Bozulan İstiğna Vesilesiyle Ağabeylere Yazılan Bir Mektub

                 Esselâm-ü Aleyküm ve Rahmetullah-i ve Berekâtühü  Aziz ve Muhterem Ağabeyim;

               Üstadımızın ısrarla üzerinde durduğu ; Vasiyetine mühim bir madde olarak ilâve ettiği ; Muhtelif mektublarında tatbikatını yaptığı, böylece bize fiilen gösterdiği ; Yardımları kabul etmediği gibi, vesile de olmadığını söylediği; “Sizden bir şey istemeyenlere tâbi olun “ Âyet mealini mânidar gösterdiği;  Lisan-ı hal ile dahi istememeyi tavsiye ettiği;     “Mâişetler temin edilir,fakat bu istenilmez” dediği; “Bu millet,yardım etmiş; Fakat bu istenilmez” dediği; “İaneleri toplamamalı, malî yardımları istememeli,” Ver” dememeli” dediği; “İstiğna ederek, teveccühlerini aramaz” dediği; İktida edilmeğe lâyık bir istiğnası bulunduğu; Nur Talebelerinin de istiğnasına herkesin hayran olduğu; Aç kaldığı halde dahi istiğnasını bozmadığı;İstiğna kaidesi Üstadın düstur-u hayatı olduğu; İstiğna mektubunu okuyup, yemek yeyince şiddetle tokat yediği; İstiğnasındaki fevkalâde tatbikatları; Otomobil alındığı halde, “Kabul edemedi” diye ilân ettirdiği; İhlâslı Nurcuların, hayat-ı içtimâiye faydalarından çekindiği; “Vasiyet ediyorum, kaidemi, aynen tatbik etsinler!” dediği, Mukabilsiz hediyelerden hasta olduğu; Fakr-u hâliyle istiğnay-ı tammı muhafaza ettiği; Cenab-ı Hak, istemek talebinde olmadan da halklara kabul ettirdiği; Sevâd-ı A’zama tâbi olup, ekalliyet-i müsrifeye tâbi olmadığı; Kanaata riayet etmeyen bir Ağabeyin yediği tokadı itiraf ettiği; Arz-ı iftikar etmemek için Üstadımızın yorganını sattığı; Ücret almayan Nur talebesinin hizmetinin hâlis olduğu; Üstadımızın, bu dersleriyle halkın ihsanına mâni olmadığı; halde NURCULARIN İSTİĞNA  DÜSTURU VE KAİDESİ, bu başlıklar altında biraraya getirilen ve ilişikteki sahifelerde toplanan fıkraların sarahatları karşısında, tarafınızdan  tekrar mütalaa edilerek, Allah’ın Rızası ve Üstadımızın hatırı, meydana gelen bizce yanlış  tatbikatın, tarafınızdan düzeltilmesi yönünde umumî bir mektub yazılmasını ve değişmez kaidemiz olan “alenî istememek” yoluyle veya Nur dâiresine uygun bir usulle, meselâ “yardımın şekli ve yeri haber verilmek şeklinde “ münasib olacağı izah edilmelidir.
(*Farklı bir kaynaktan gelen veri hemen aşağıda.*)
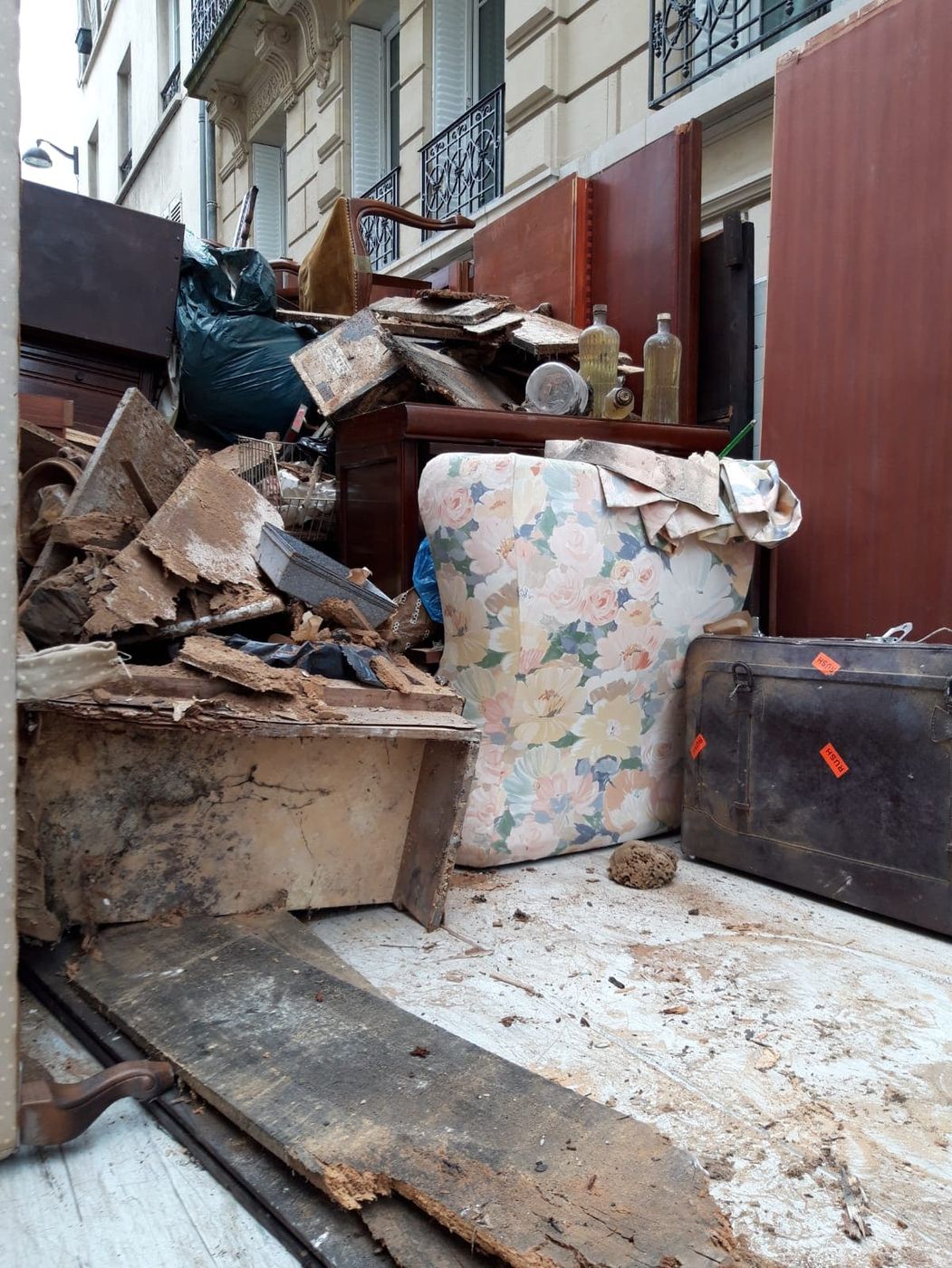 Objets en vrac évacués lors d'un débarras de grenier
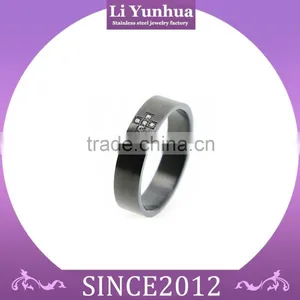 Affordable Wedding Rings Cheap Wholesale Stainless Steel Diamond Ring With Cross Shaped Stone Setting thumbnail-1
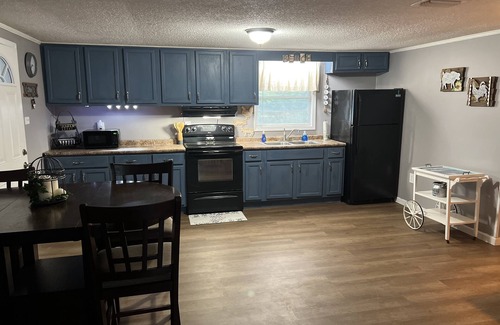 Apalachicola House | Nice quite neighborhood-10 min from the beach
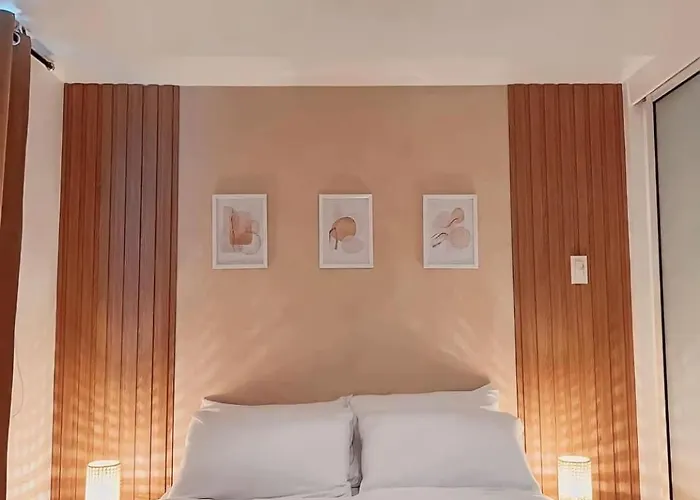 Aparthotel Azure Residences Staycation Manila
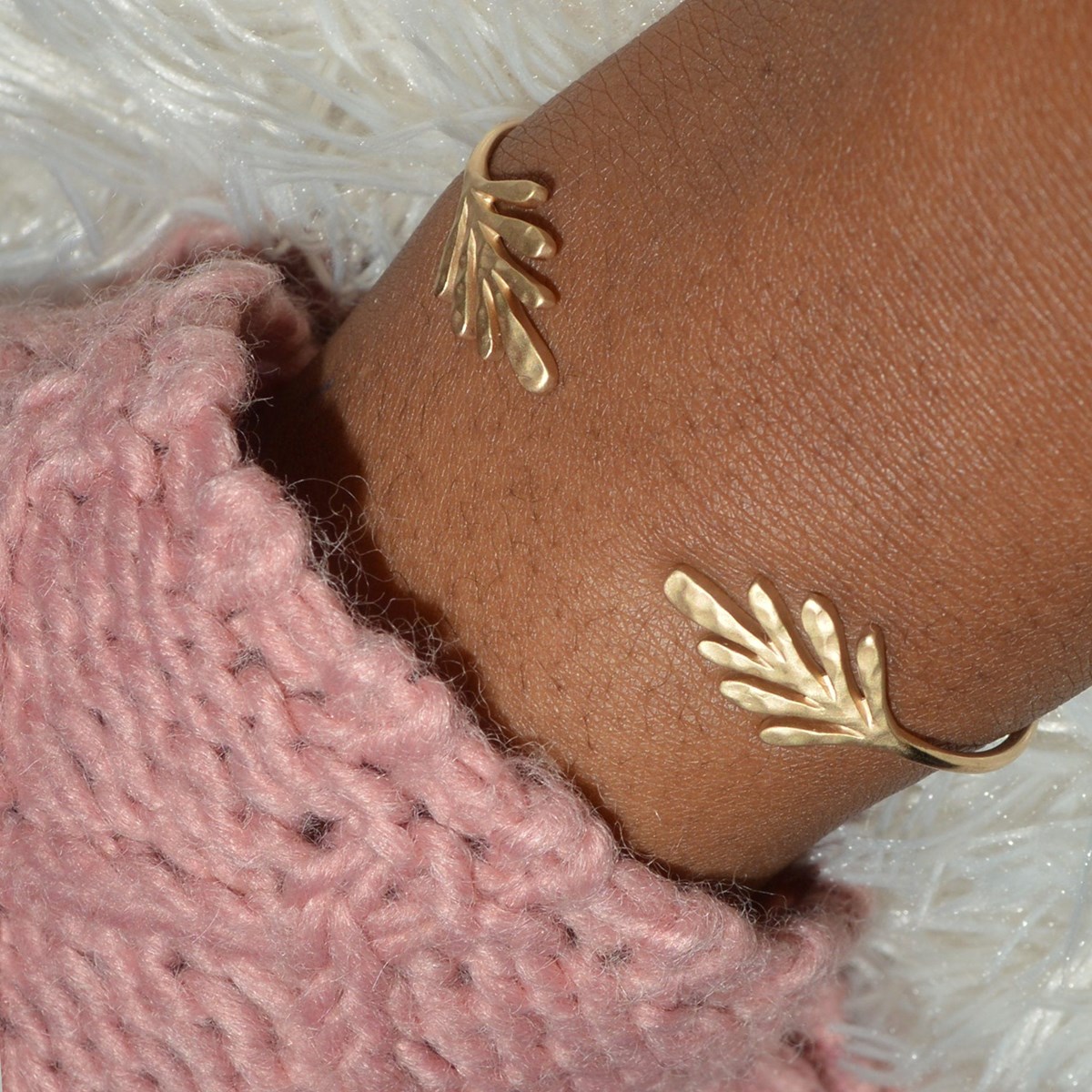 Bracelet femme jonc martelé feuilles semi ouvert ajustable en plaqué or - vue 2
Bizler gördüğümüz gibi, maalesef alenî istemekle, sanki icbar ederek, ikrahla olan tatbikatları görerek üzülüyor ve rencide oluyoruz. Siz Muhterem Ağabeylerimizin de asla tasvib etmediği hallerin yine sizlerin gözleri önünde cereyan ederek sizleri de üzmesini istemiyoruz.

Selâm, muhabbet ve dualarımızın kabulü ricasiyle arz-ı hürmet ederim.